Scraped caption text data:
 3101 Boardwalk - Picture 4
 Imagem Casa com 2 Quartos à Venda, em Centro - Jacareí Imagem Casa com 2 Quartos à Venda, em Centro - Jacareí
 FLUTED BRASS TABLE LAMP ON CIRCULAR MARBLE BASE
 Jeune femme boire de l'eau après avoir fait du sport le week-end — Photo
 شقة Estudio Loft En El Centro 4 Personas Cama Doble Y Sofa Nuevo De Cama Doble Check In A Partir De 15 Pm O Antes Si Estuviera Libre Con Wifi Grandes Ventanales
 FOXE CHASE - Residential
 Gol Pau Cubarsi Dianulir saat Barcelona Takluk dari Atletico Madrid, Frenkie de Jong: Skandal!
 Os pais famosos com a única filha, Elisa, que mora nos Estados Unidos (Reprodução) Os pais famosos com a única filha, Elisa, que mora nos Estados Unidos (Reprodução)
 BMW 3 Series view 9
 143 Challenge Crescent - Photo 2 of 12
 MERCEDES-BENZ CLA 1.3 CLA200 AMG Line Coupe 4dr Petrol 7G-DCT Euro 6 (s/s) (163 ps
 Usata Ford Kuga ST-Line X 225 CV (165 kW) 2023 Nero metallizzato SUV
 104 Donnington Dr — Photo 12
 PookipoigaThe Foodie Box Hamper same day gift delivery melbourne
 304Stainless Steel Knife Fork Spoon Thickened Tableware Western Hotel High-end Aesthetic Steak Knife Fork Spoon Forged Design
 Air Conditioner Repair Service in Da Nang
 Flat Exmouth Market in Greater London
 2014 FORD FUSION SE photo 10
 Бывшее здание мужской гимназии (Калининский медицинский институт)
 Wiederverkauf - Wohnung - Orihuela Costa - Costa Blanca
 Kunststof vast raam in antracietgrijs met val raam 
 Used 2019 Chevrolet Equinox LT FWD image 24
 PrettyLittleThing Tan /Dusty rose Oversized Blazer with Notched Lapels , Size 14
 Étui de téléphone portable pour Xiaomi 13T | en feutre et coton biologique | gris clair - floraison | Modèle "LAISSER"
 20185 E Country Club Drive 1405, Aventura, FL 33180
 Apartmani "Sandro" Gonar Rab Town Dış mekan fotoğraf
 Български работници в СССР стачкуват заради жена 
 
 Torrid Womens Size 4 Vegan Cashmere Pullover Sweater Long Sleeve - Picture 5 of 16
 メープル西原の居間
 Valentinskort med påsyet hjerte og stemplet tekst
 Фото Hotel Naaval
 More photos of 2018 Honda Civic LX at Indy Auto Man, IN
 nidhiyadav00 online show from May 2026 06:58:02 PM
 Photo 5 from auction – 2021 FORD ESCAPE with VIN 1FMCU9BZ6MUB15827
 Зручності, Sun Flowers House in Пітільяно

Task item: The records above need to be written out once more, exactly.

Finished exercise:
 3101 Boardwalk - Picture 4
 Imagem Casa com 2 Quartos à Venda, em Centro - Jacareí Imagem Casa com 2 Quartos à Venda, em Centro - Jacareí
 FLUTED BRASS TABLE LAMP ON CIRCULAR MARBLE BASE
 Jeune femme boire de l'eau après avoir fait du sport le week-end — Photo
 شقة Estudio Loft En El Centro 4 Personas Cama Doble Y Sofa Nuevo De Cama Doble Check In A Partir De 15 Pm O Antes Si Estuviera Libre Con Wifi Grandes Ventanales
 FOXE CHASE - Residential
 Gol Pau Cubarsi Dianulir saat Barcelona Takluk dari Atletico Madrid, Frenkie de Jong: Skandal!
 Os pais famosos com a única filha, Elisa, que mora nos Estados Unidos (Reprodução) Os pais famosos com a única filha, Elisa, que mora nos Estados Unidos (Reprodução)
 BMW 3 Series view 9
 143 Challenge Crescent - Photo 2 of 12
 MERCEDES-BENZ CLA 1.3 CLA200 AMG Line Coupe 4dr Petrol 7G-DCT Euro 6 (s/s) (163 ps
 Usata Ford Kuga ST-Line X 225 CV (165 kW) 2023 Nero metallizzato SUV
 104 Donnington Dr — Photo 12
 PookipoigaThe Foodie Box Hamper same day gift delivery melbourne
 304Stainless Steel Knife Fork Spoon Thickened Tableware Western Hotel High-end Aesthetic Steak Knife Fork Spoon Forged Design
 Air Conditioner Repair Service in Da Nang
 Flat Exmouth Market in Greater London
 2014 FORD FUSION SE photo 10
 Бывшее здание мужской гимназии (Калининский медицинский институт)
 Wiederverkauf - Wohnung - Orihuela Costa - Costa Blanca
 Kunststof vast raam in antracietgrijs met val raam 
 Used 2019 Chevrolet Equinox LT FWD image 24
 PrettyLittleThing Tan /Dusty rose Oversized Blazer with Notched Lapels , Size 14
 Étui de téléphone portable pour Xiaomi 13T | en feutre et coton biologique | gris clair - floraison | Modèle "LAISSER"
 20185 E Country Club Drive 1405, Aventura, FL 33180
 Apartmani "Sandro" Gonar Rab Town Dış mekan fotoğraf
 Български работници в СССР стачкуват заради жена 
 
 Torrid Womens Size 4 Vegan Cashmere Pullover Sweater Long Sleeve - Picture 5 of 16
 メープル西原の居間
 Valentinskort med påsyet hjerte og stemplet tekst
 Фото Hotel Naaval
 More photos of 2018 Honda Civic LX at Indy Auto Man, IN
 nidhiyadav00 online show from May 2026 06:58:02 PM
 Photo 5 from auction – 2021 FORD ESCAPE with VIN 1FMCU9BZ6MUB15827
 Зручності, Sun Flowers House in Пітільяно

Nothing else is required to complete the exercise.